= Beginning of Section =
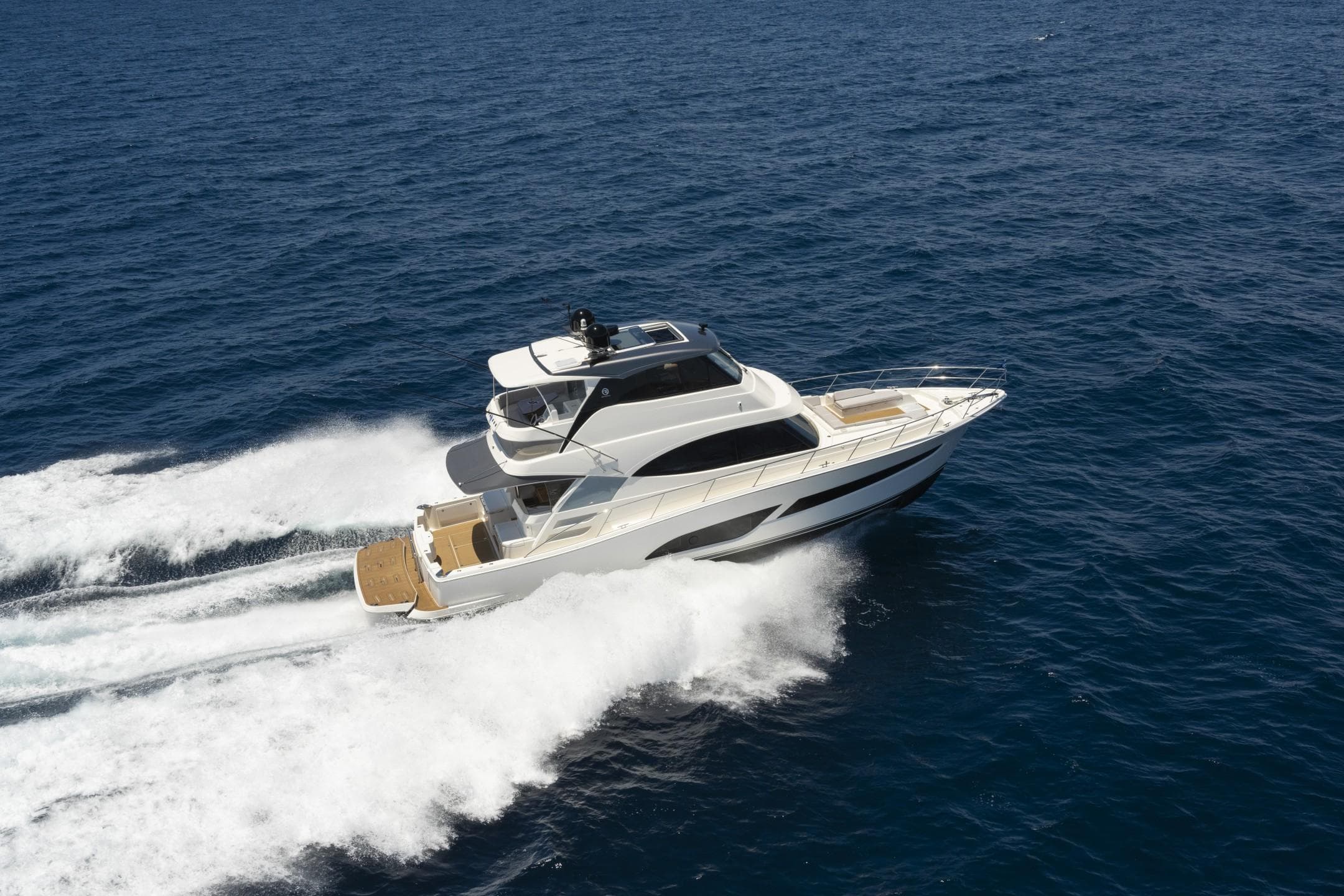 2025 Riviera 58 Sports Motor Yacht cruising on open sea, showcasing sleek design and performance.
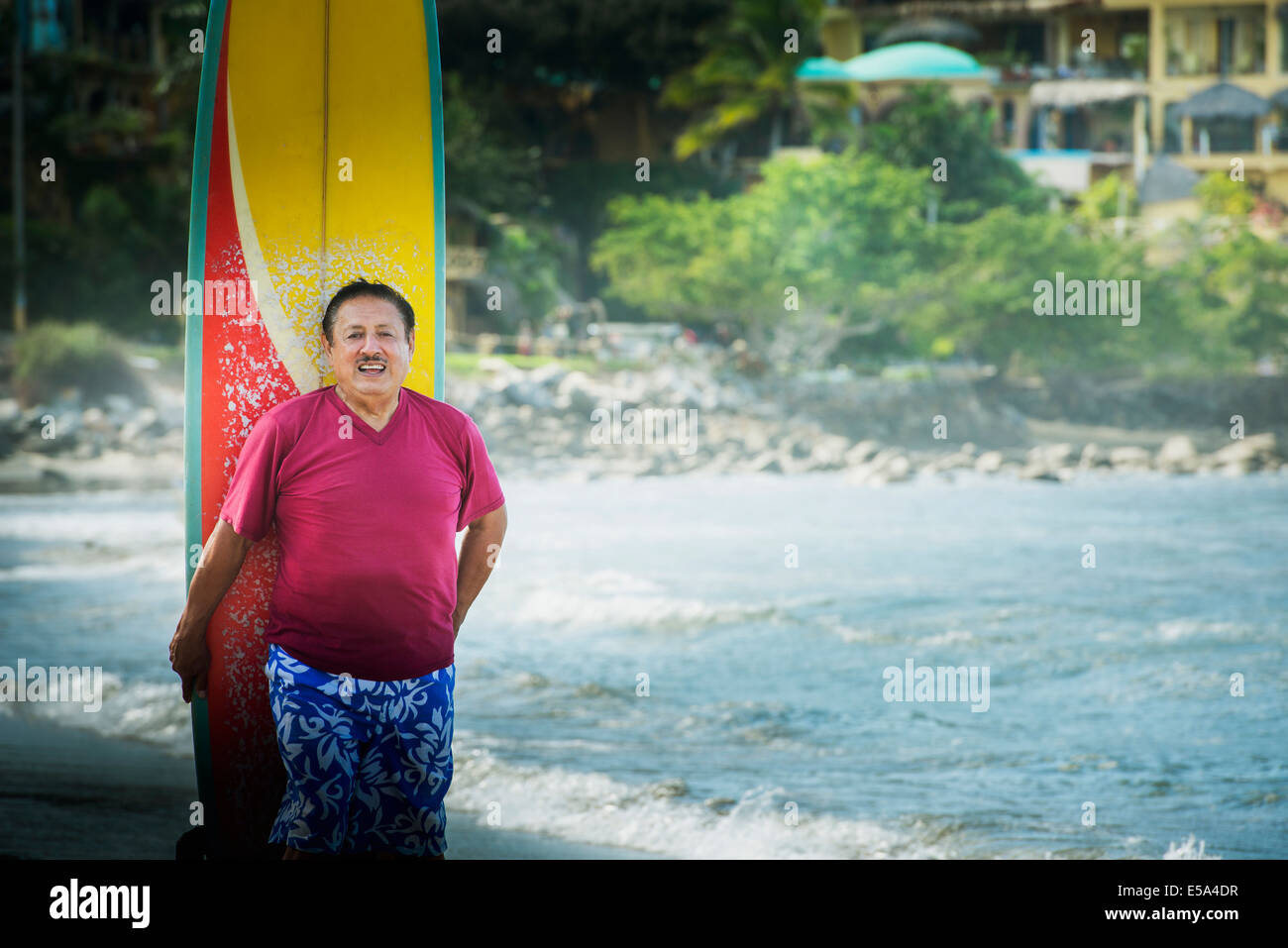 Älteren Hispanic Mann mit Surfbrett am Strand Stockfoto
= End of Section =
= Beginning of Section =
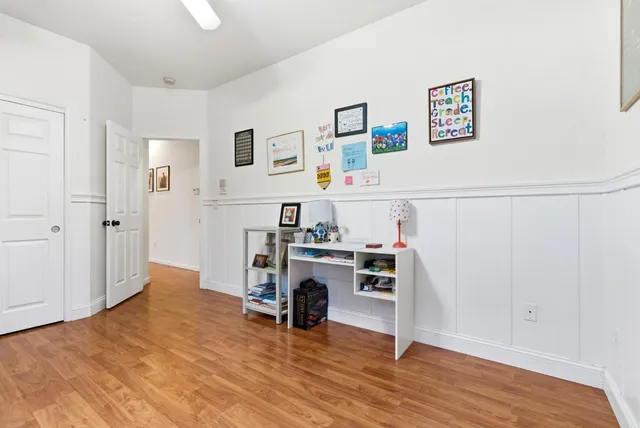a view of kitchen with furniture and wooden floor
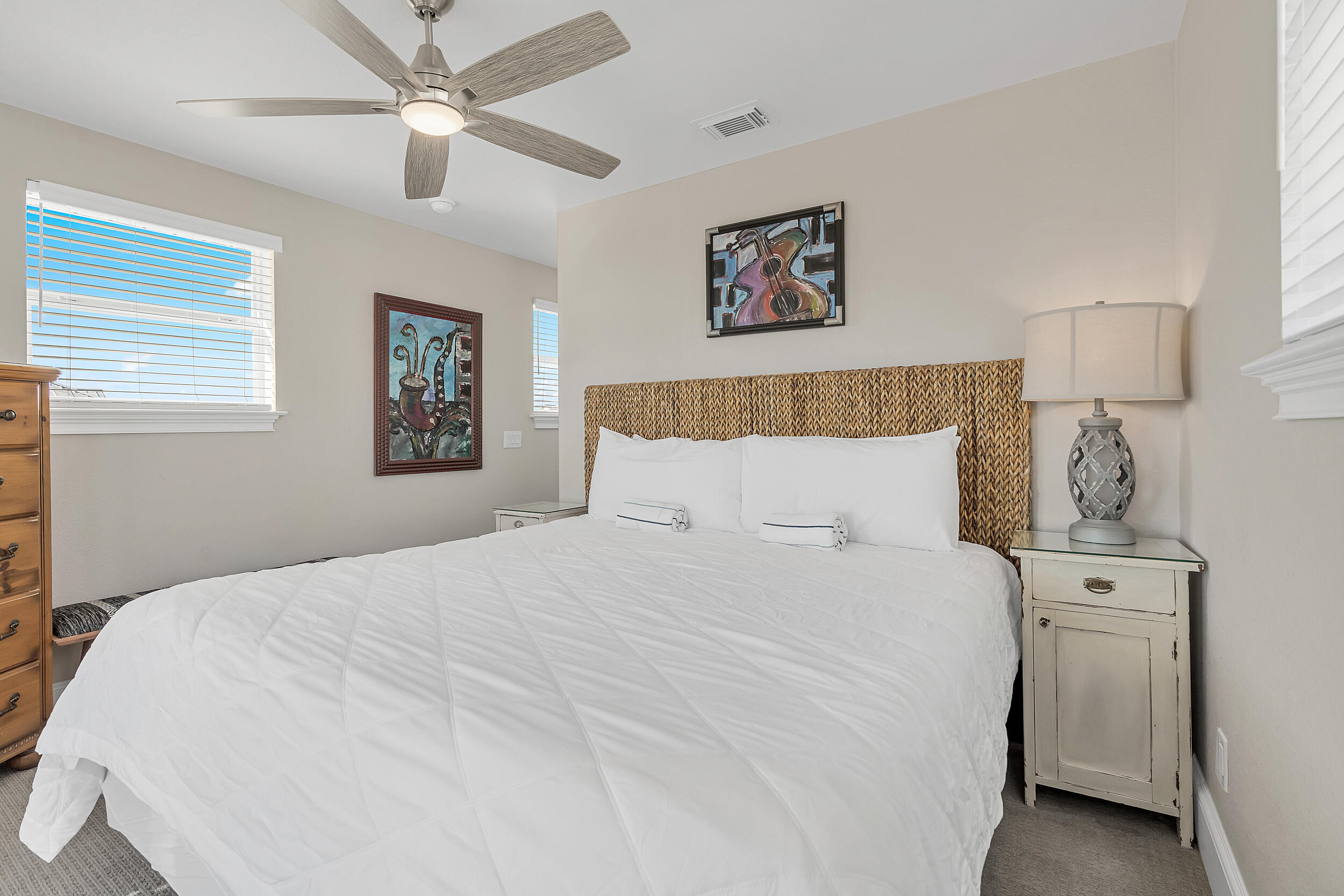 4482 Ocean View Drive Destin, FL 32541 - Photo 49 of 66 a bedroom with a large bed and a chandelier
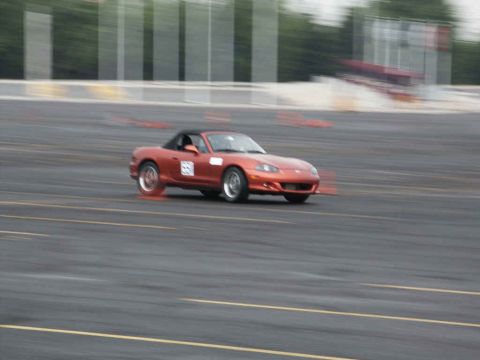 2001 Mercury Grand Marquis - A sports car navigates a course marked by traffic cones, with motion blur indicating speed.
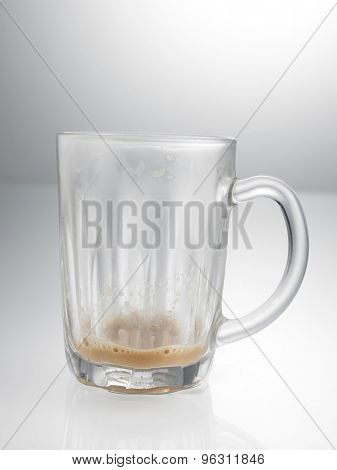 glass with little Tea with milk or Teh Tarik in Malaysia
= End of Section =
DESCRIPTION OF THE TASK: A word-for-word reproduction is needed of the lines above from the line containing "2025 Riviera 58" through the line containing "Älteren Hispanic Mann", with both ends kept and no pictures.

RESPONSE BOX:
 2025 Riviera 58 Sports Motor Yacht cruising on open sea, showcasing sleek design and performance.
 Älteren Hispanic Mann mit Surfbrett am Strand Stockfoto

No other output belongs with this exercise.